Entries taken from a collection
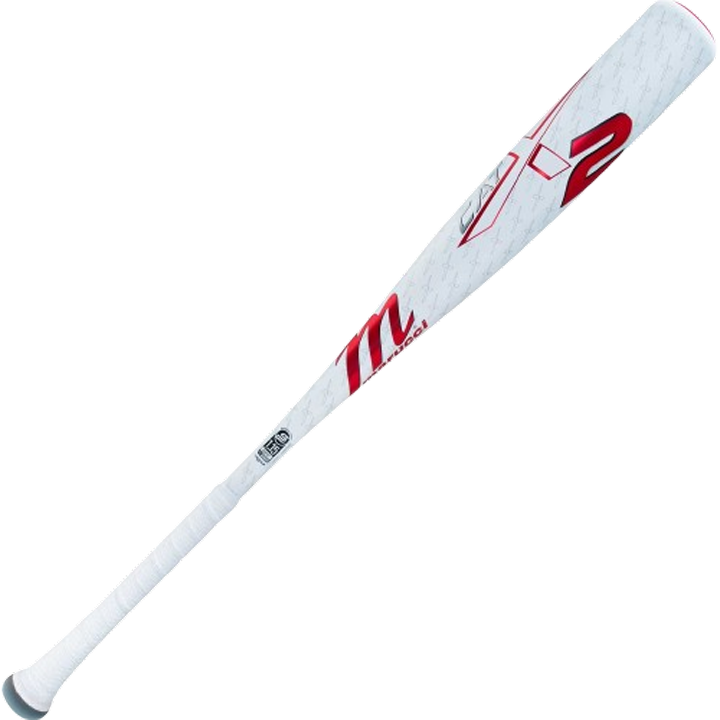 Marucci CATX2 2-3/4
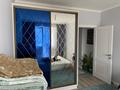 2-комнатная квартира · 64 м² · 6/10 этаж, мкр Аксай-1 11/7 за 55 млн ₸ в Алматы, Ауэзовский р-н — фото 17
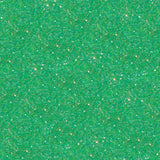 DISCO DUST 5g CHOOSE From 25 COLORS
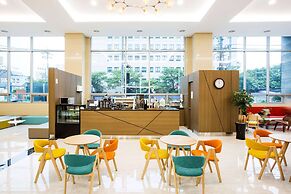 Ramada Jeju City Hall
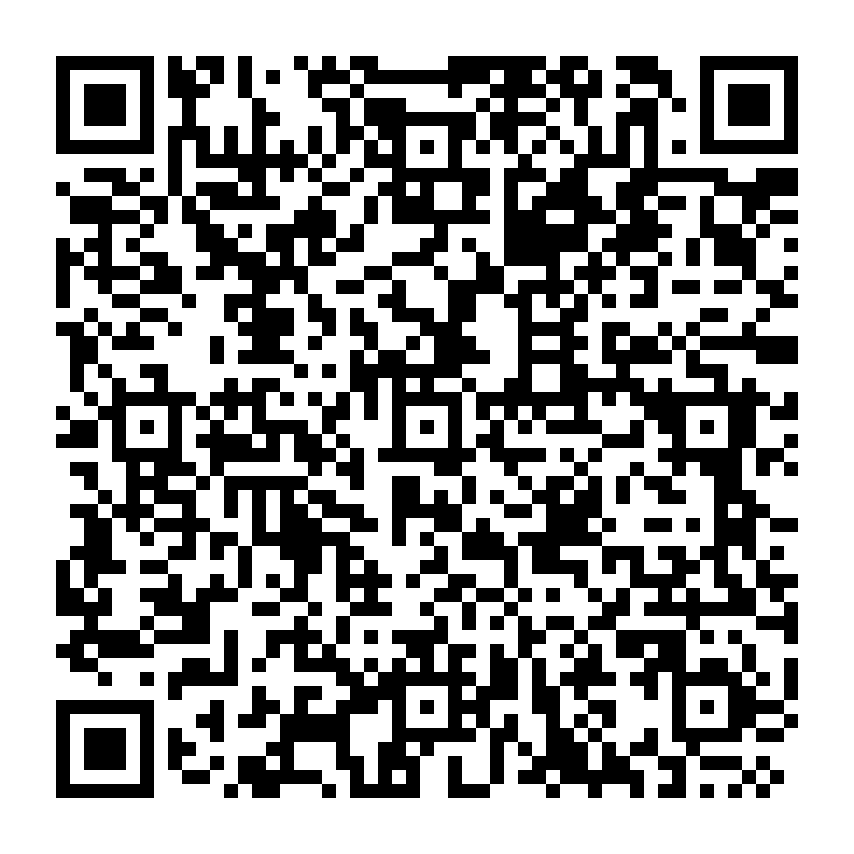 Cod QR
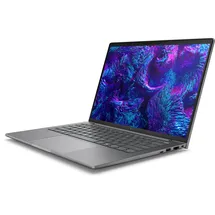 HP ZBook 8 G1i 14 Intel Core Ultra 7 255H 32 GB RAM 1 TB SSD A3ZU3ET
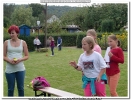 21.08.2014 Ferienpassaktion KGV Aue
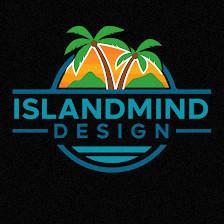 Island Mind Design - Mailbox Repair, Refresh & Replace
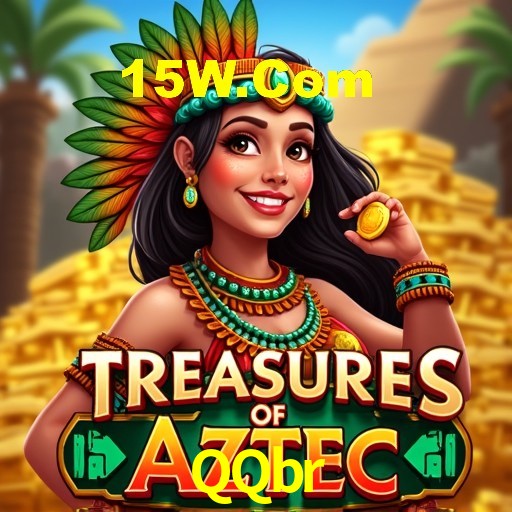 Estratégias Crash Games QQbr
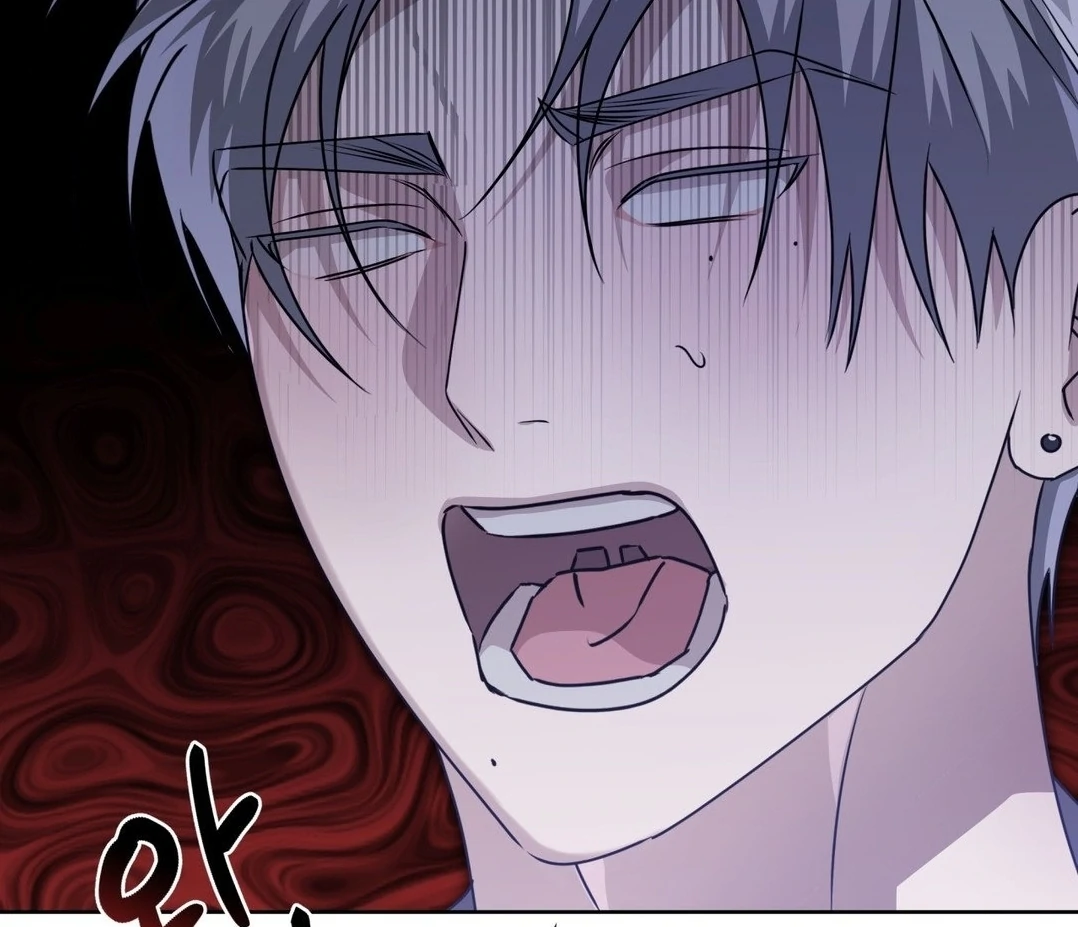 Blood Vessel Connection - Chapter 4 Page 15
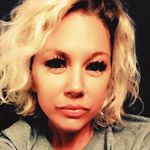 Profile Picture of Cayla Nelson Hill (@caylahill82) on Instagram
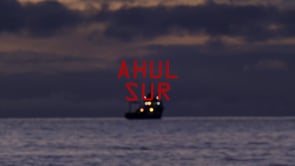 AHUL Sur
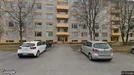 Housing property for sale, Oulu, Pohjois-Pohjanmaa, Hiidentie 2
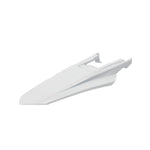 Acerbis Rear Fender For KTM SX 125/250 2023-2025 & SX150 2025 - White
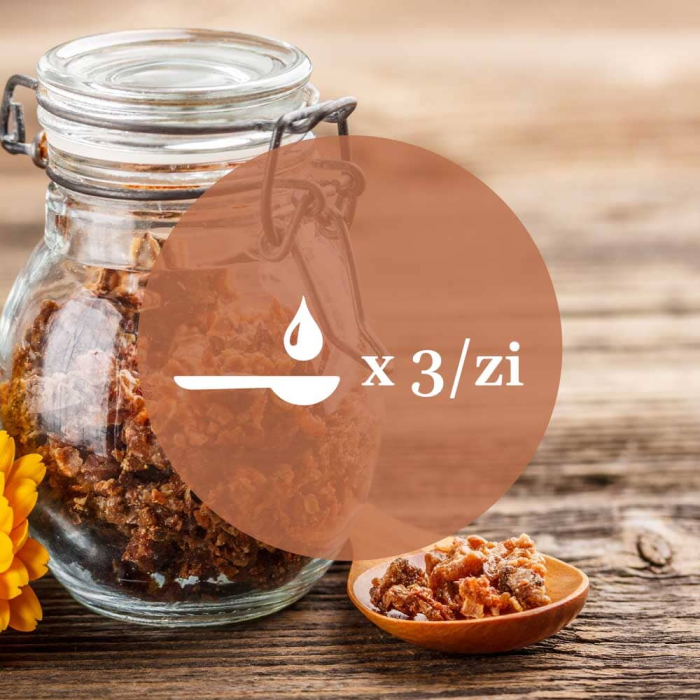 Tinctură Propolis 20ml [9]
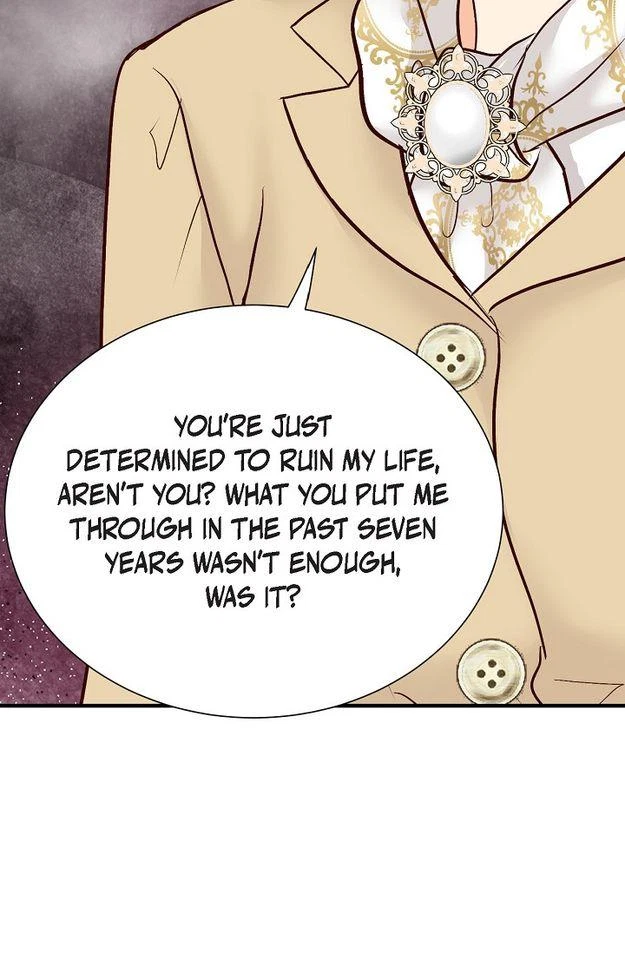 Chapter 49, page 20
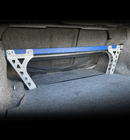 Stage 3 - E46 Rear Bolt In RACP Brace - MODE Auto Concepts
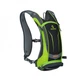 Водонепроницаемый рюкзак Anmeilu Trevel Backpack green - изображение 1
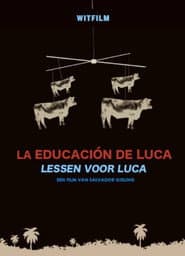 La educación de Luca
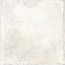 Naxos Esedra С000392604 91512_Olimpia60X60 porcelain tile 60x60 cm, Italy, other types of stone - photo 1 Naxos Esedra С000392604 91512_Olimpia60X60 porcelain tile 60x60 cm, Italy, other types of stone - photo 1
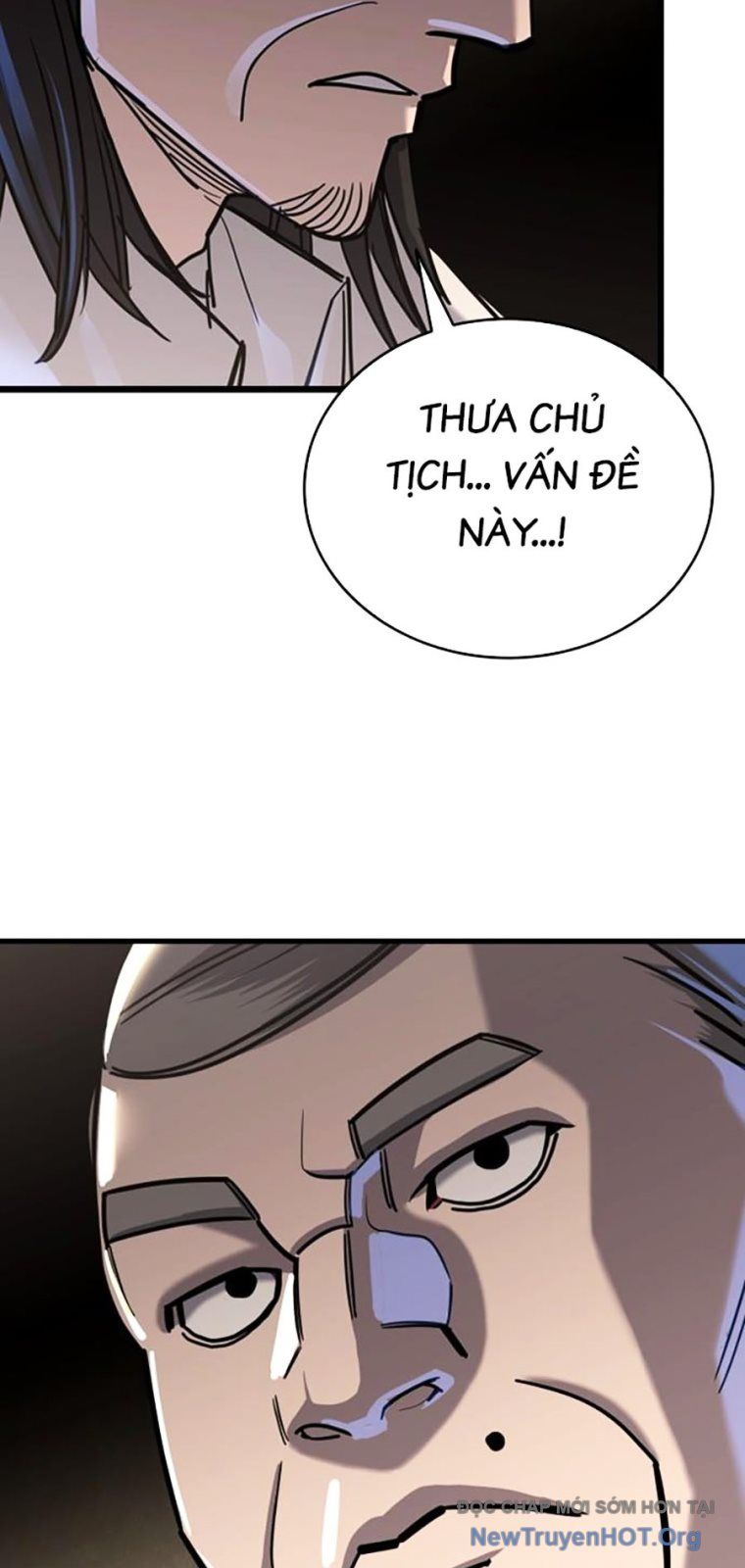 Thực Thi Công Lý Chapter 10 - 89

_WORK ORDER_
A verbatim copy of the data, free of pictures, is the expected answer.

_SOLUTION_
 Marucci CATX2 2-3/4
 2-комнатная квартира · 64 м² · 6/10 этаж, мкр Аксай-1 11/7 за 55 млн ₸ в Алматы, Ауэзовский р-н — фото 17
 DISCO DUST 5g CHOOSE From 25 COLORS
 Ramada Jeju City Hall
 Cod QR
 HP ZBook 8 G1i 14 Intel Core Ultra 7 255H 32 GB RAM 1 TB SSD A3ZU3ET
 21.08.2014 Ferienpassaktion KGV Aue
 Island Mind Design - Mailbox Repair, Refresh & Replace
 Estratégias Crash Games QQbr
 Blood Vessel Connection - Chapter 4 Page 15
 Profile Picture of Cayla Nelson Hill (@caylahill82) on Instagram
 AHUL Sur
 Housing property for sale, Oulu, Pohjois-Pohjanmaa, Hiidentie 2
 Acerbis Rear Fender For KTM SX 125/250 2023-2025 & SX150 2025 - White
 Tinctură Propolis 20ml [9]
 Chapter 49, page 20
 Stage 3 - E46 Rear Bolt In RACP Brace - MODE Auto Concepts
 Водонепроницаемый рюкзак Anmeilu Trevel Backpack green - изображение 1
 La educación de Luca
 Naxos Esedra С000392604 91512_Olimpia60X60 porcelain tile 60x60 cm, Italy, other types of stone - photo 1 Naxos Esedra С000392604 91512_Olimpia60X60 porcelain tile 60x60 cm, Italy, other types of stone - photo 1
 Thực Thi Công Lý Chapter 10 - 89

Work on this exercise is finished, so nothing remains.